- _Records shown_:
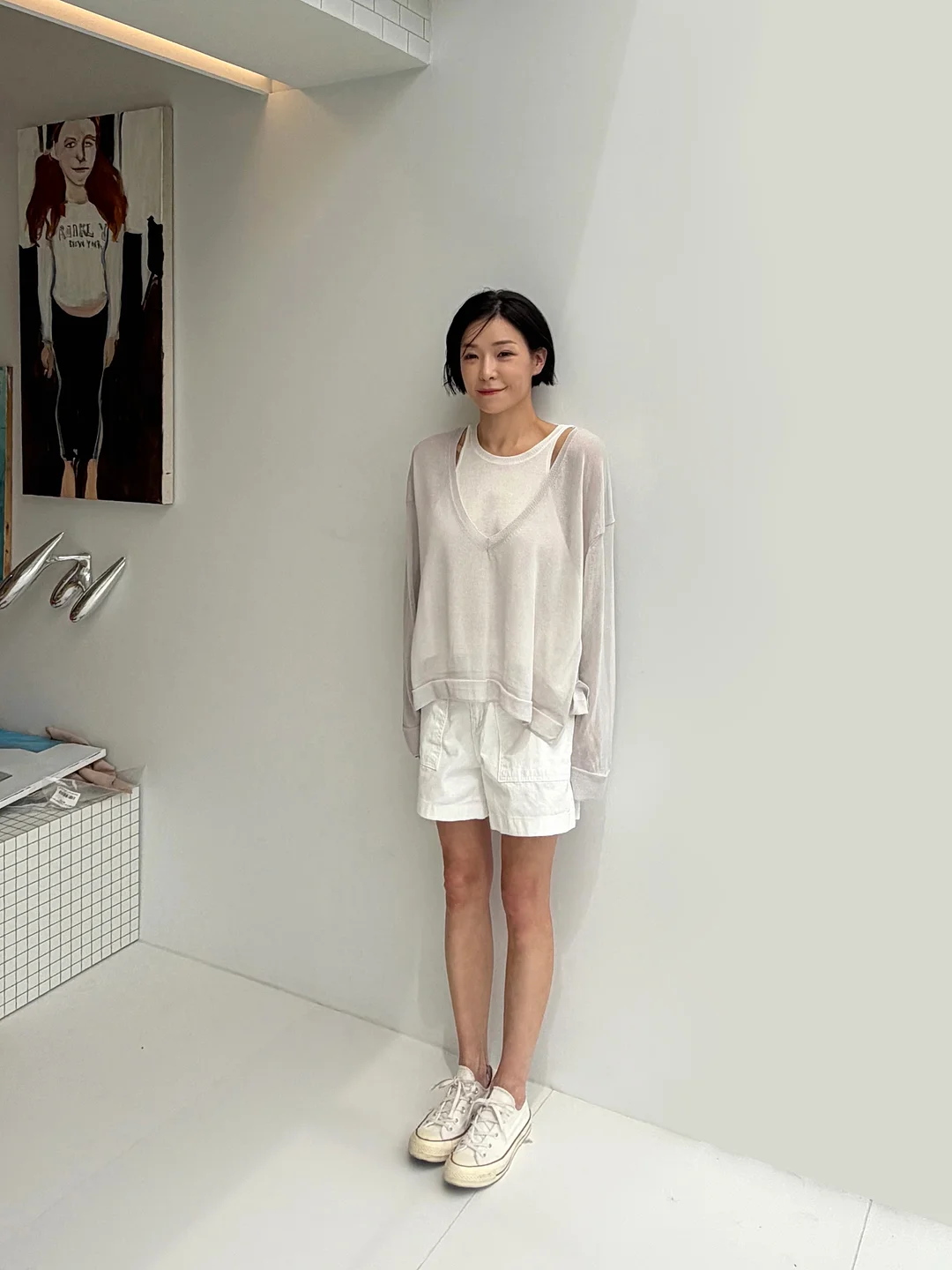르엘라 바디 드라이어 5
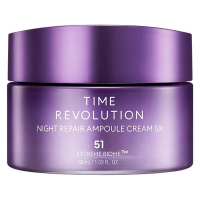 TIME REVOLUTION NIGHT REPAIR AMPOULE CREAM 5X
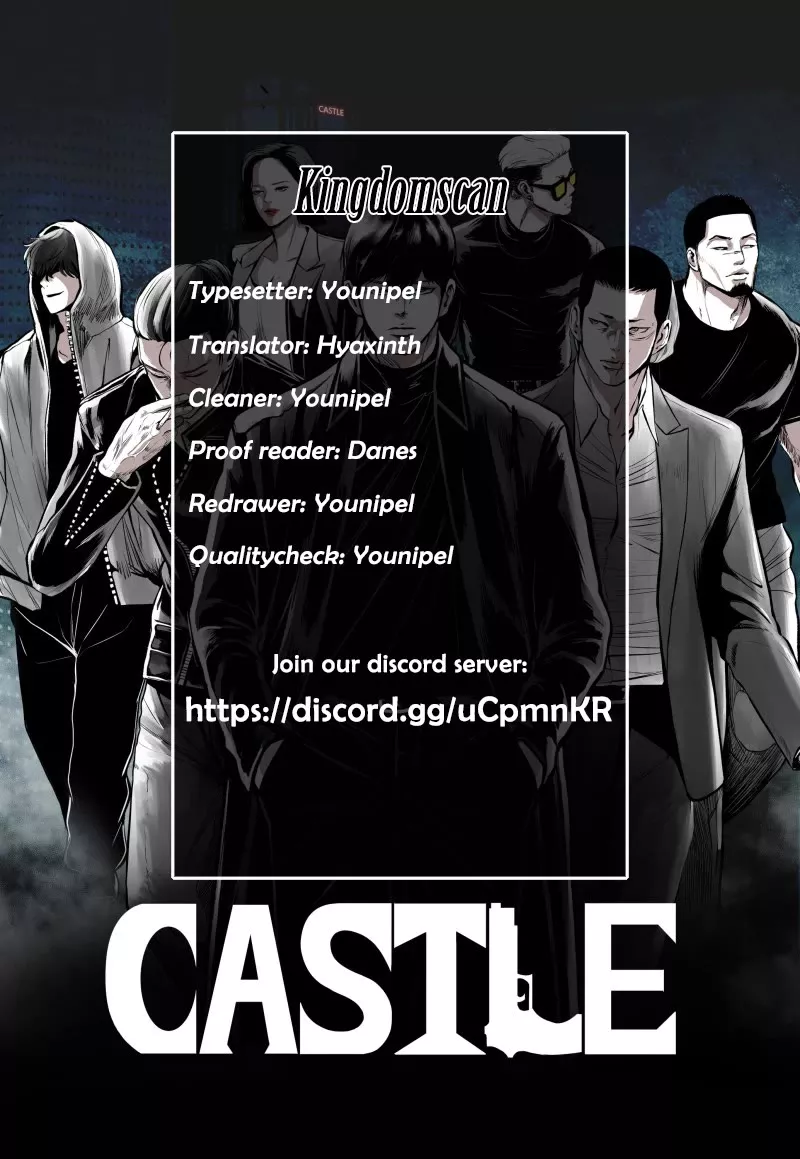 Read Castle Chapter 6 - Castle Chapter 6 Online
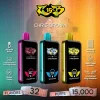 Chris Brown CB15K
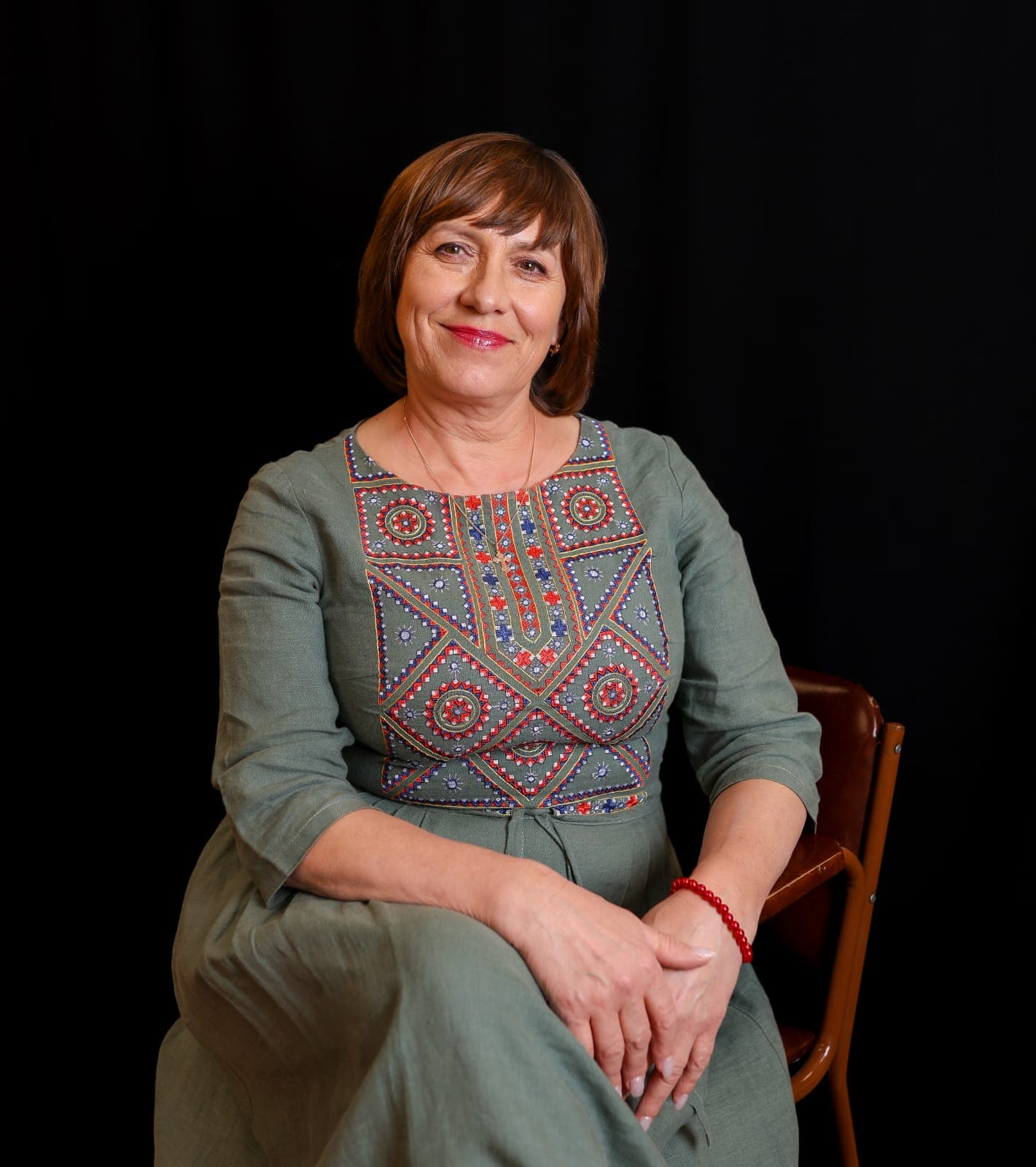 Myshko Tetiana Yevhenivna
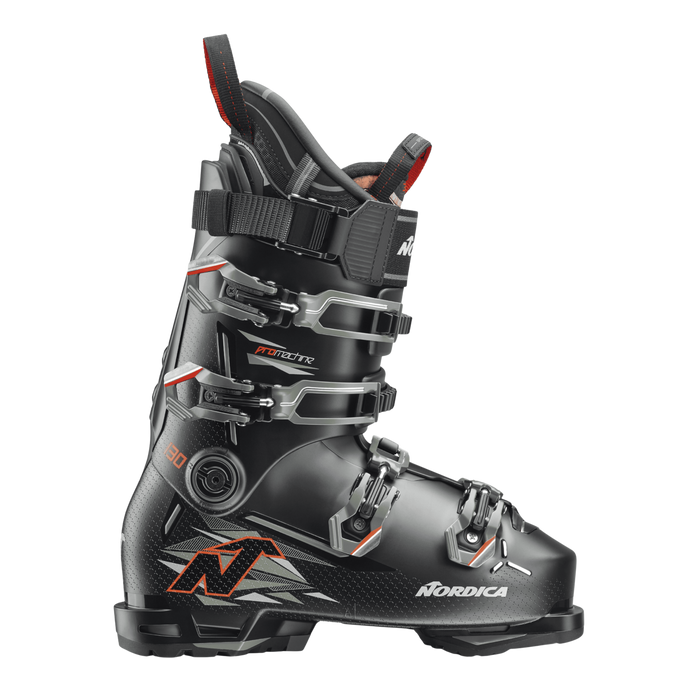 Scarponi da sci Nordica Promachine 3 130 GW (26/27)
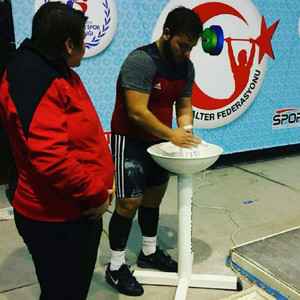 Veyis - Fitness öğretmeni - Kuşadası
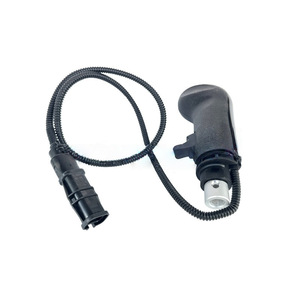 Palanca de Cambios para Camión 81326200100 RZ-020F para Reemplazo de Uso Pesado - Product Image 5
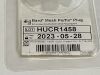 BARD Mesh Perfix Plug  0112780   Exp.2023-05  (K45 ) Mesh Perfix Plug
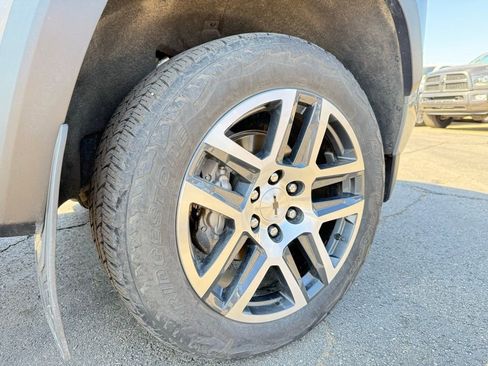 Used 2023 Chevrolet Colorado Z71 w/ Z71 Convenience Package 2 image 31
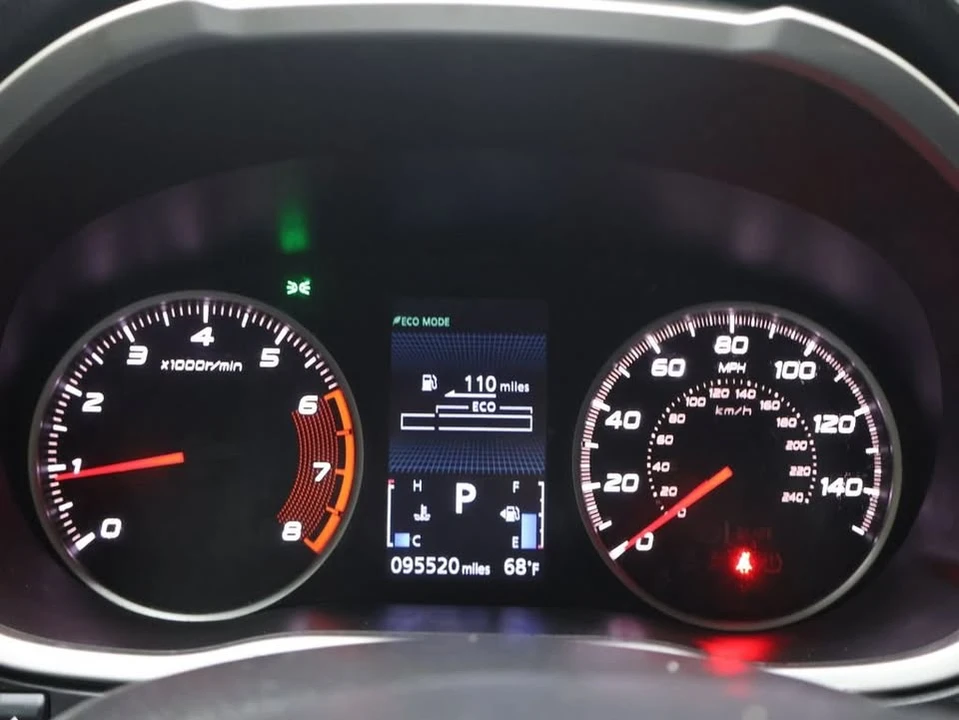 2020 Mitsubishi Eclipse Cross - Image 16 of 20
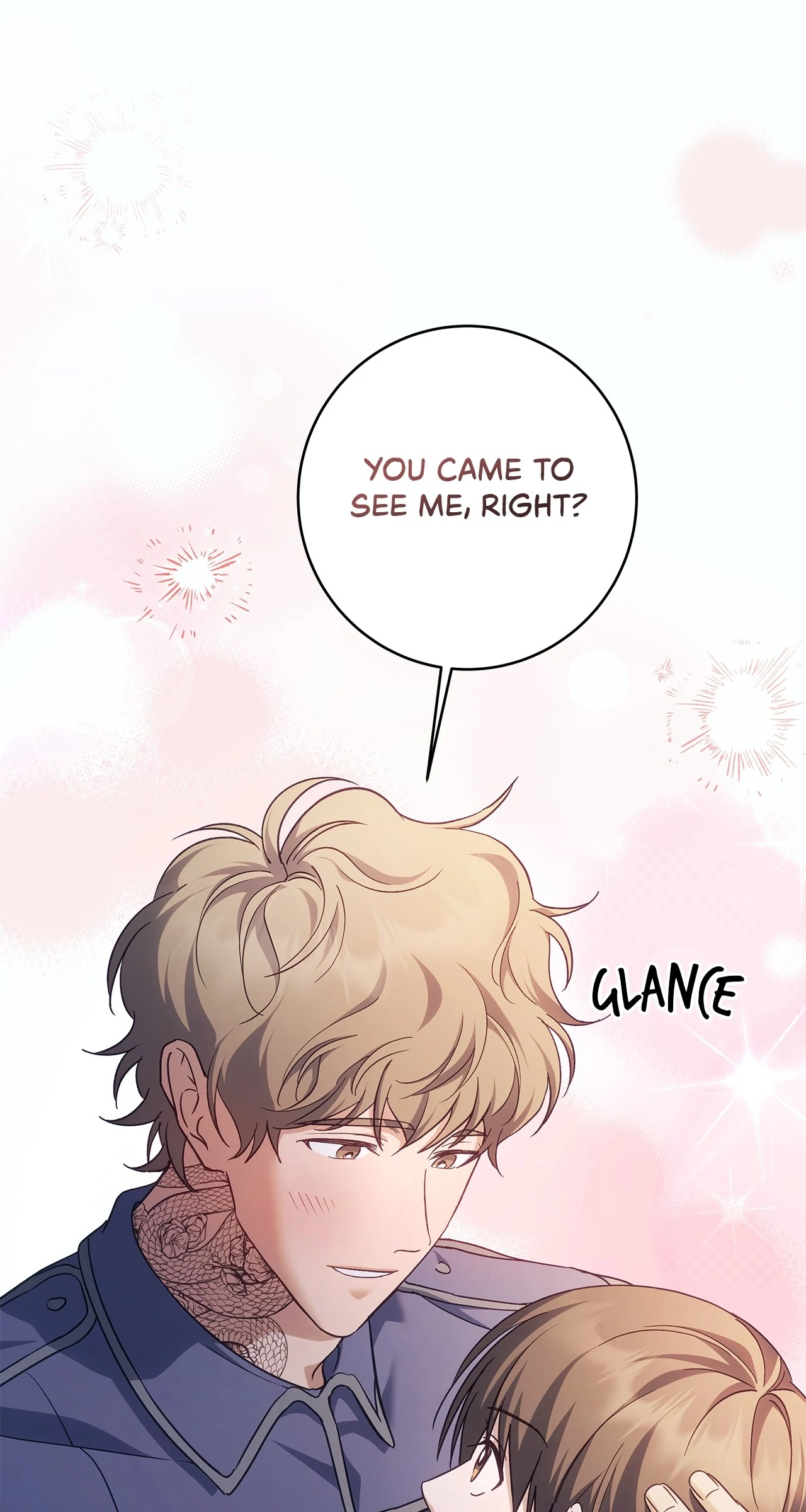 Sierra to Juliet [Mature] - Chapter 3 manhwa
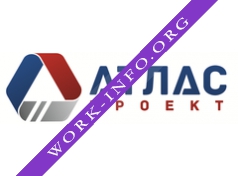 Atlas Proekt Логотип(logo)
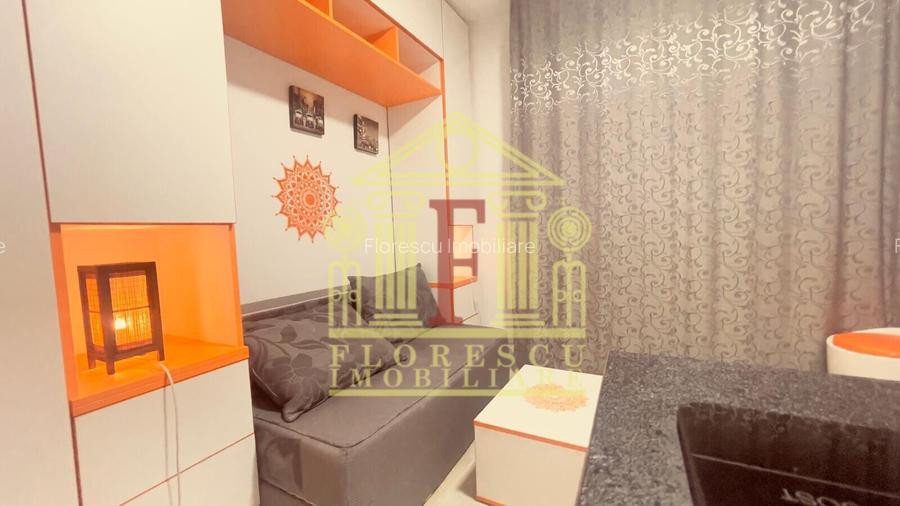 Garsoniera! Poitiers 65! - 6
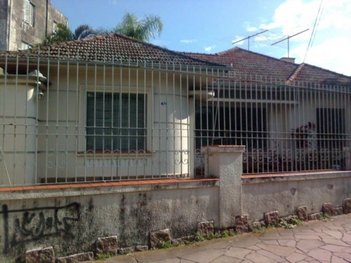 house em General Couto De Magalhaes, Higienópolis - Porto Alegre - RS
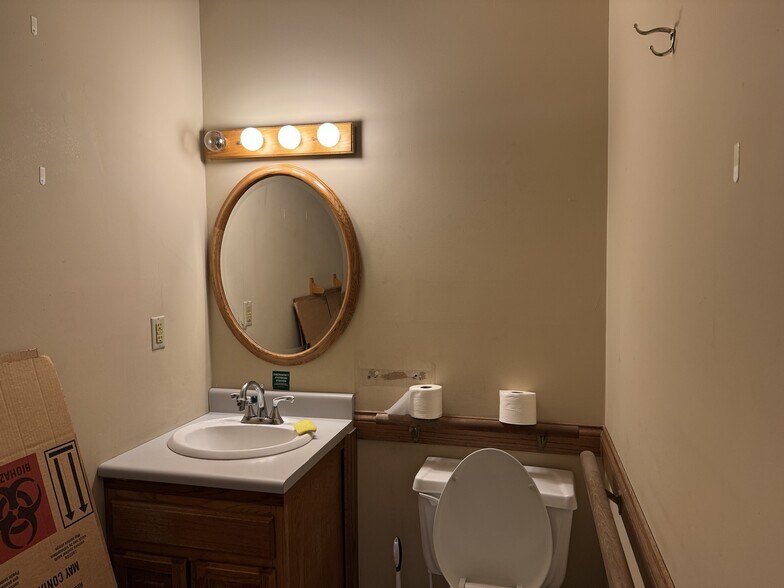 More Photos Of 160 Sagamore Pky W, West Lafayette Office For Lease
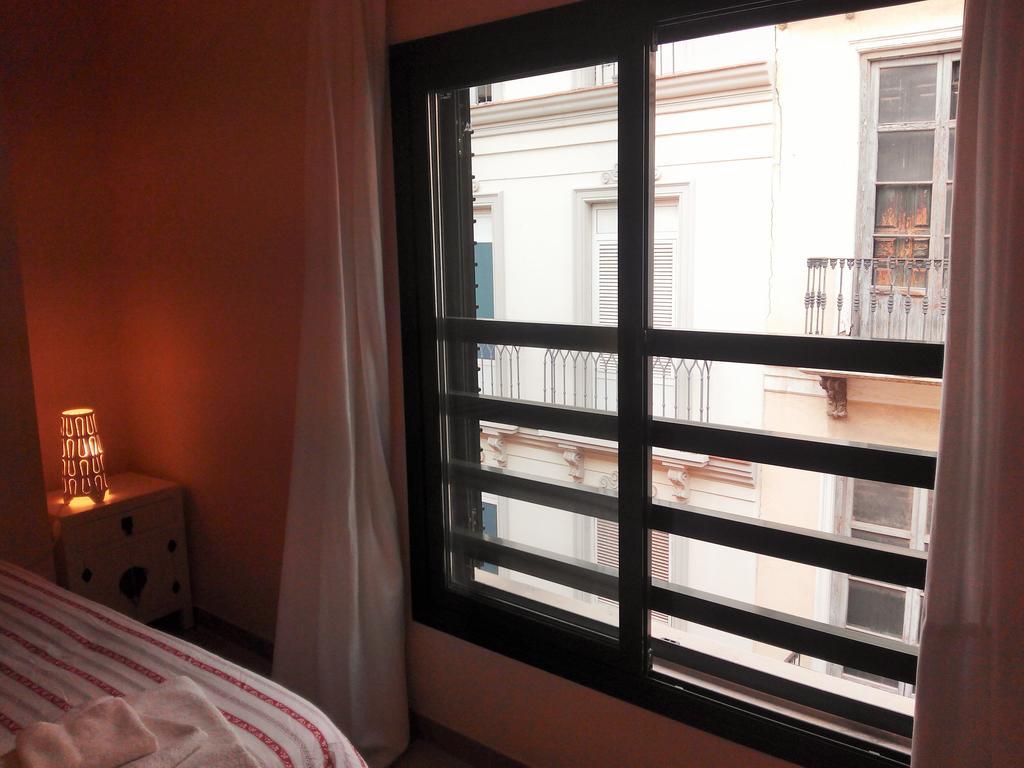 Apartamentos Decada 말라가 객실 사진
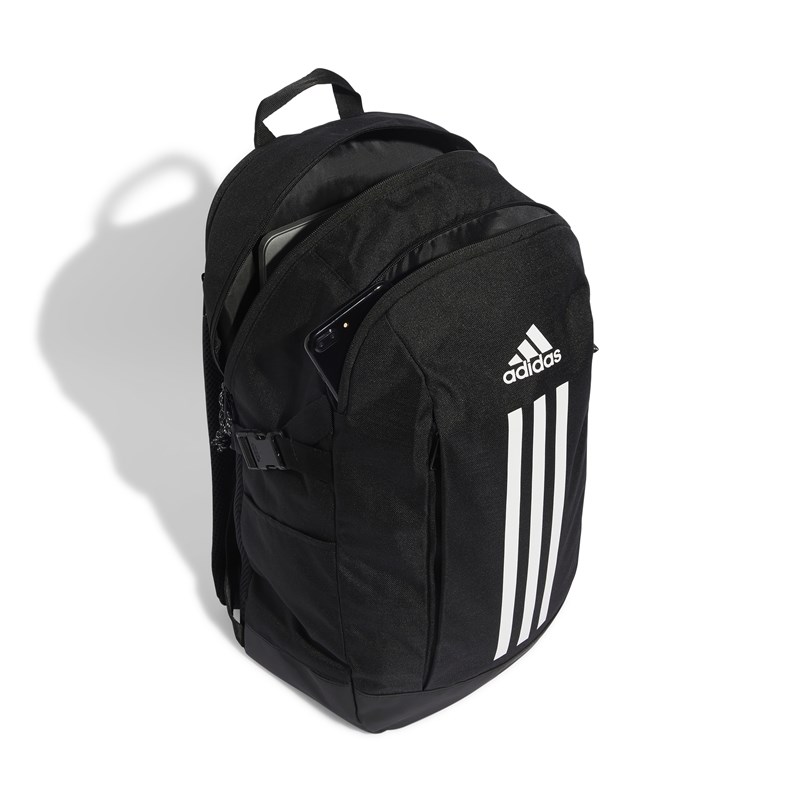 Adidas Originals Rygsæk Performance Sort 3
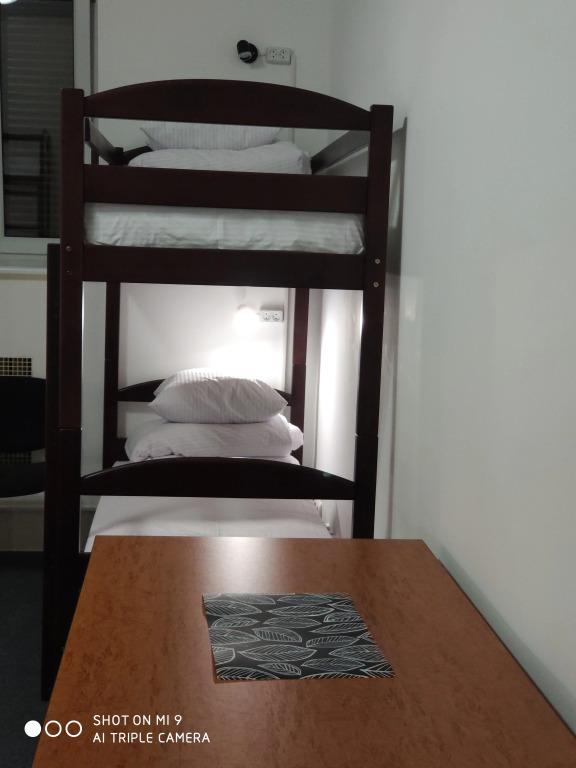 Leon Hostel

- _Exercise goal_:
Your answer must be the lines from the line containing "Palanca de Cambios" through the final line of the data, written out exactly, both ends included and pictures left out.

- _Solution for this problem_:
 Palanca de Cambios para Camión 81326200100 RZ-020F para Reemplazo de Uso Pesado - Product Image 5
 BARD Mesh Perfix Plug  0112780   Exp.2023-05  (K45 ) Mesh Perfix Plug
 Used 2023 Chevrolet Colorado Z71 w/ Z71 Convenience Package 2 image 31
 2020 Mitsubishi Eclipse Cross - Image 16 of 20
 Sierra to Juliet [Mature] - Chapter 3 manhwa
 Atlas Proekt Логотип(logo)
 Garsoniera! Poitiers 65! - 6
 house em General Couto De Magalhaes, Higienópolis - Porto Alegre - RS
 More Photos Of 160 Sagamore Pky W, West Lafayette Office For Lease
 Apartamentos Decada 말라가 객실 사진
 Adidas Originals Rygsæk Performance Sort 3
 Leon Hostel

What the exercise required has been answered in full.